Two elections call for notice. The election to the Parliament of 1510 had to be postponed following disturbances at the county court, and on 5 Jan. two commissions, one for ‘the liberty of Lincoln’ and the other for ‘the parts of Lindsey’, were ordered to investigate the matter. Sir William Tyrwhitt, who was named to one of the commissions, used the occasion to promote his own candidature (although he had already been elected for Great Grimsby), but whether successfully is not known.

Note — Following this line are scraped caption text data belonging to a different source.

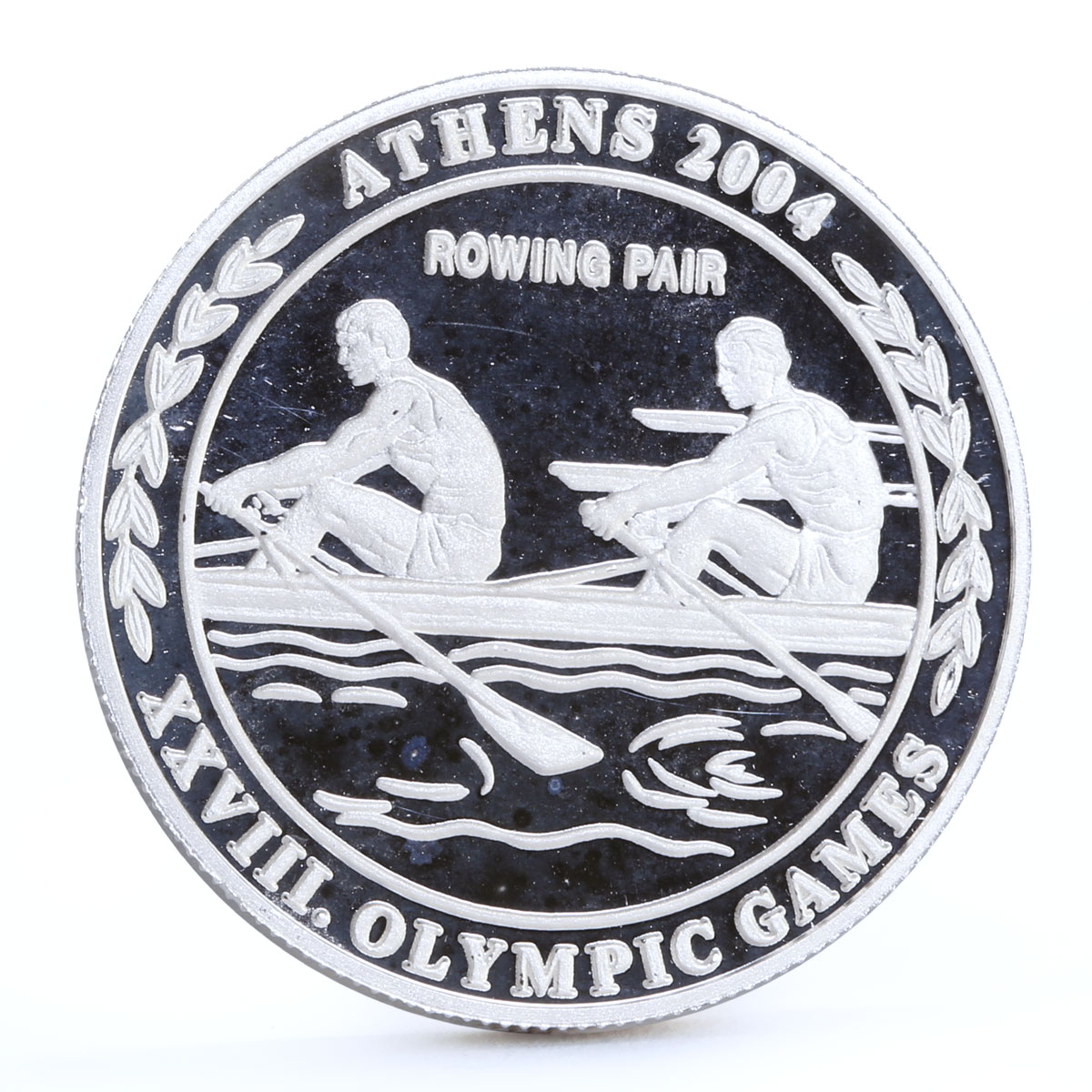Malawi 10 kwacha Athens Olympic Games series Rowing Pair proof silver coin 2003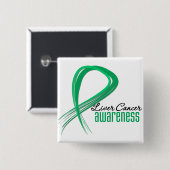 Liver Cancer Awareness Grunge Ribbon Vierkante Button 5,1 Cm (Voorkant /achterkant)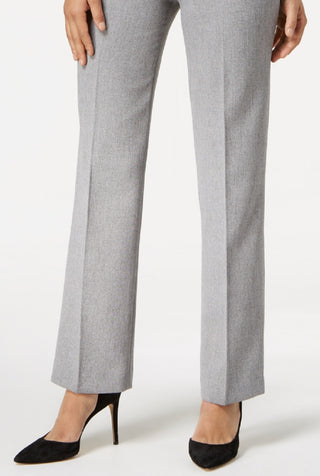 Kasper Women's Tab Waist Straight Fit Modern Dress Pants Sizes Gray Size 14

The elevation of Sir John Hussey and Sir Gilbert Tailboys shortly after the opening of the Parliament of 1529 created two vacancies which remained until at least the autumn of 1532. It was then or early in 1533 that Hussey’s brother Robert and Tailboys’s kinsmen the brothers-in-law William Skipwith and Sir Robert Tyrwhitt were nominated to fill them; Cromwell signified his choice of the last two, but in the absence of a return it is not known whether they were elected.11

Lincolnshire was one of the counties where new gaols were to be built under an Act of 1532 (23 Hen. VIII, c.2), renewed in 1536, 1545 and 1553. Nothing came of a bill for the wapentake of Kirton introduced in the Parliament of 1510.12

Author: N. M. Fuidge

Notes

  • 1. House of Lords RO, LJ ms i. 103. LJ, i. 46 gives 'Thomas' in error for John.
  • 2. Hall, Chron. 657.
  • 3. E159/319, brev. ret. Mich. r. [1-2].
  • 4. Ibid.
  • 5. CJ, i. 18-19.
  • 6. Christian name missing from the torn indenture (C219/20/77) but styled knight and described as 'junior'.
  • 7. Bodl. e Museo 17.
  • 8. VCH Lincs. ii. 49, 78, 274, 293, 319-20, 324-8, 384-5, 387, 397; Lincoln Rec. Soc. liv. pp. xi, xxii, 3 seq.; Lincs. Historian, i. 330-42; ii. 23-30; T. Allen, Lincs. i. 17, 36, 53, 57-60.
  • 9. M. H. and R. Dodds, Pilgrimage of Grace, i. 89-140 passim; VCH Lincs. ii. 270-4; APC, vi. 336.
  • 10. C219/18C/58, 60, 19/55, 56, 20/76, 77, 21/91, 92, 22/39, 40, 23/76, 78, 24/94, 95, 97, 25/63, 64, 65.
  • 11. LP Hen. VIII, i. g. 357(6); vii. 56 citing SP1/82, ff. 59-62.
  • 12. LJ, i. 7.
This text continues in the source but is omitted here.